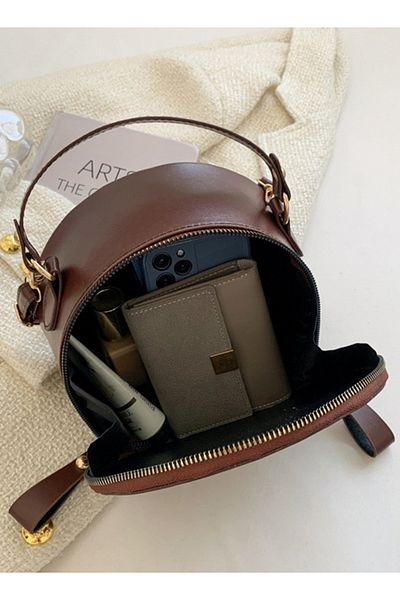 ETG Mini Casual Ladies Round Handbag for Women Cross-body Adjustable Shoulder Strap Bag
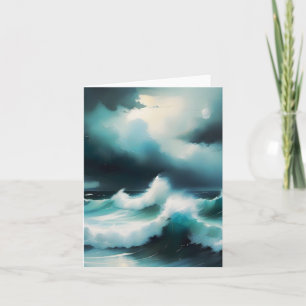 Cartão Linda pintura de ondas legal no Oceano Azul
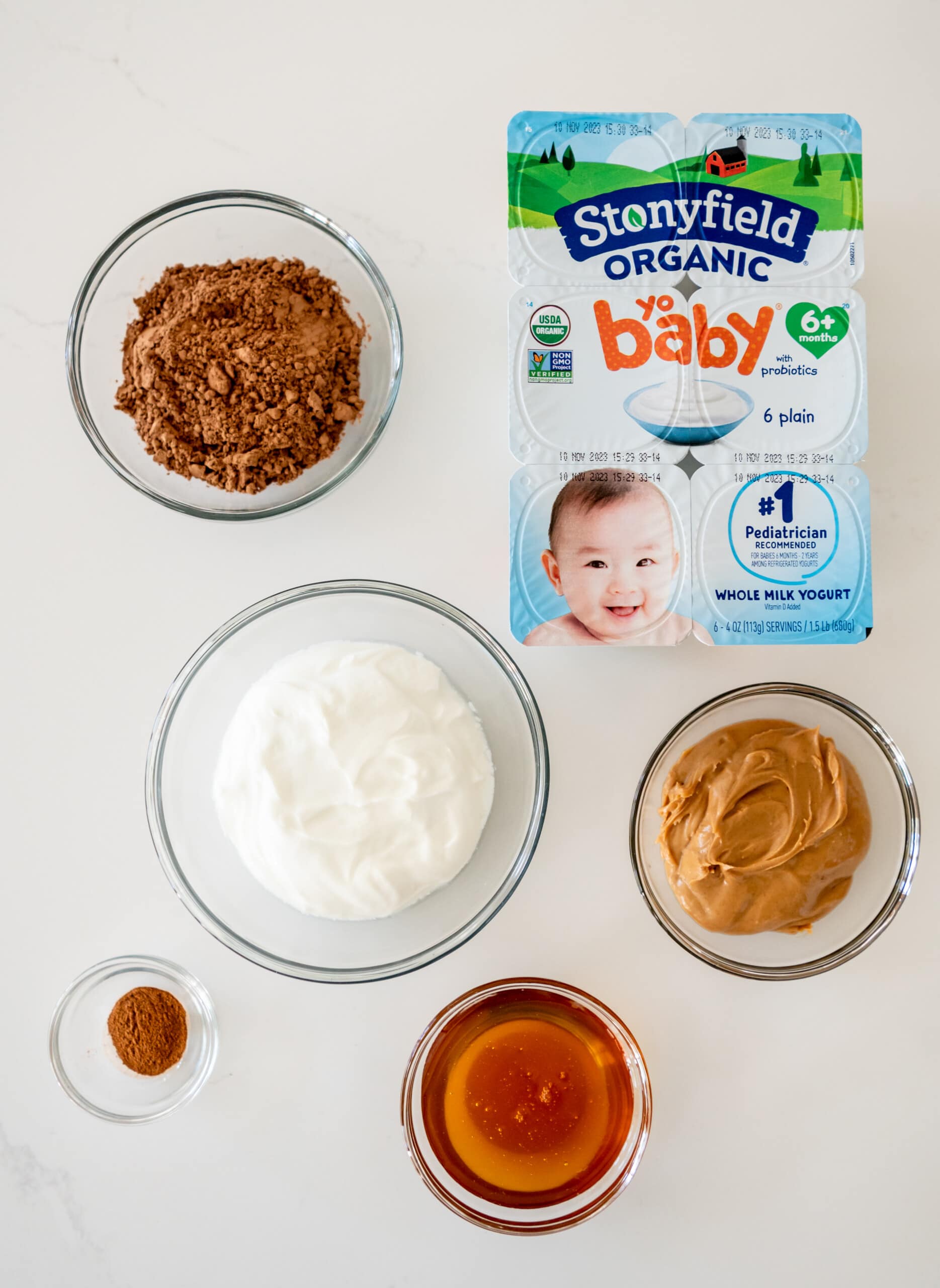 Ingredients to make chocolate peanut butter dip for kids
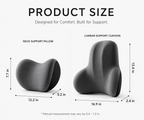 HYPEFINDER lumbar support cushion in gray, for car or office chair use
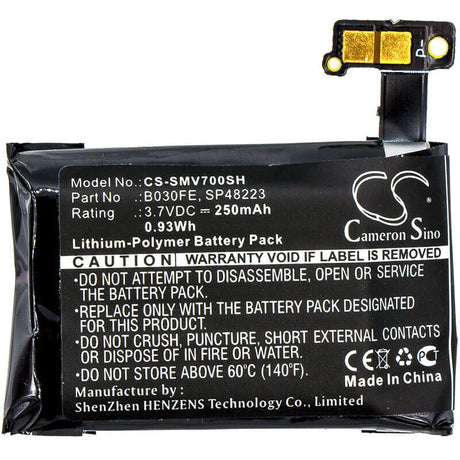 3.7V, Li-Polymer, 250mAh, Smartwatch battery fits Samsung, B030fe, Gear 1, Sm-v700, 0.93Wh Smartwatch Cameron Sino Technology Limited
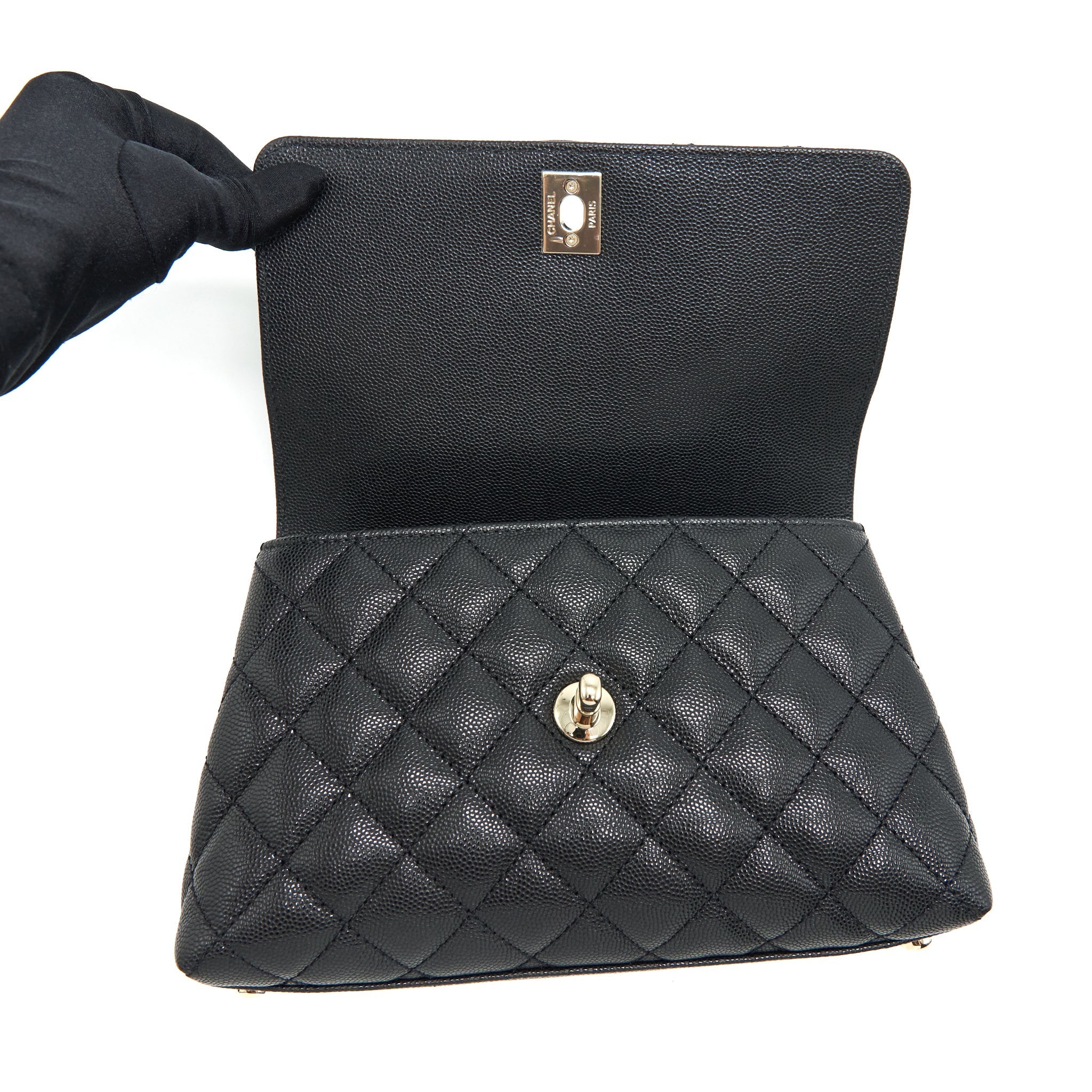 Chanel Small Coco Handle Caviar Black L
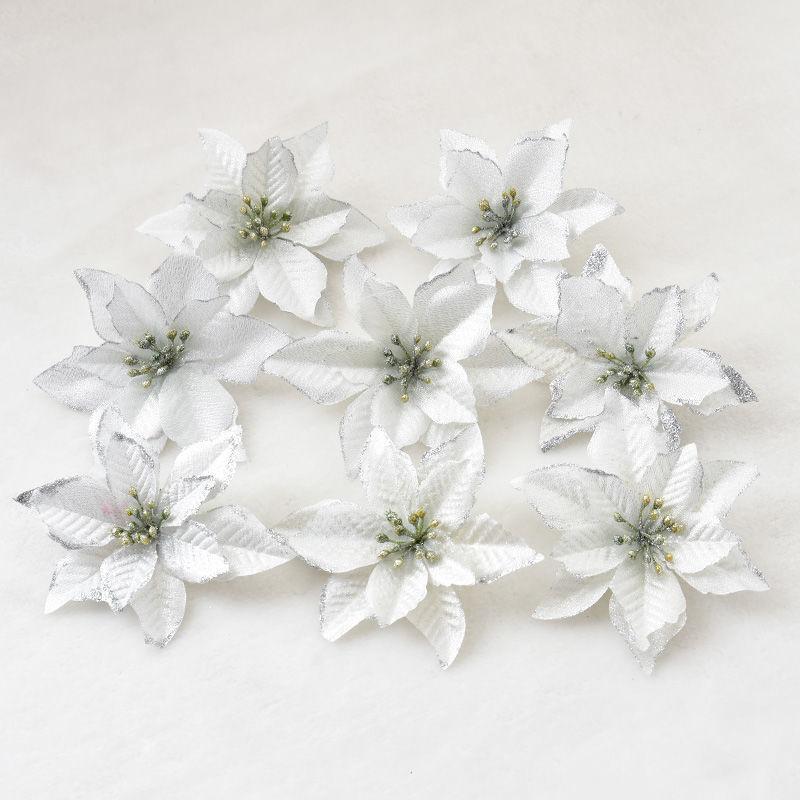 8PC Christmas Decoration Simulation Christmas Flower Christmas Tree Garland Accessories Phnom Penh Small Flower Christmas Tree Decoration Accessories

**Exercise requirements**
Once the line containing "HYPEFINDER lumbar support" has been located, transcribe exactly and only every line from the first line of the entries through it, excluding pictures.

**Answer area**
 ETG Mini Casual Ladies Round Handbag for Women Cross-body Adjustable Shoulder Strap Bag
 Cartão Linda pintura de ondas legal no Oceano Azul
 Ingredients to make chocolate peanut butter dip for kids
 HYPEFINDER lumbar support cushion in gray, for car or office chair use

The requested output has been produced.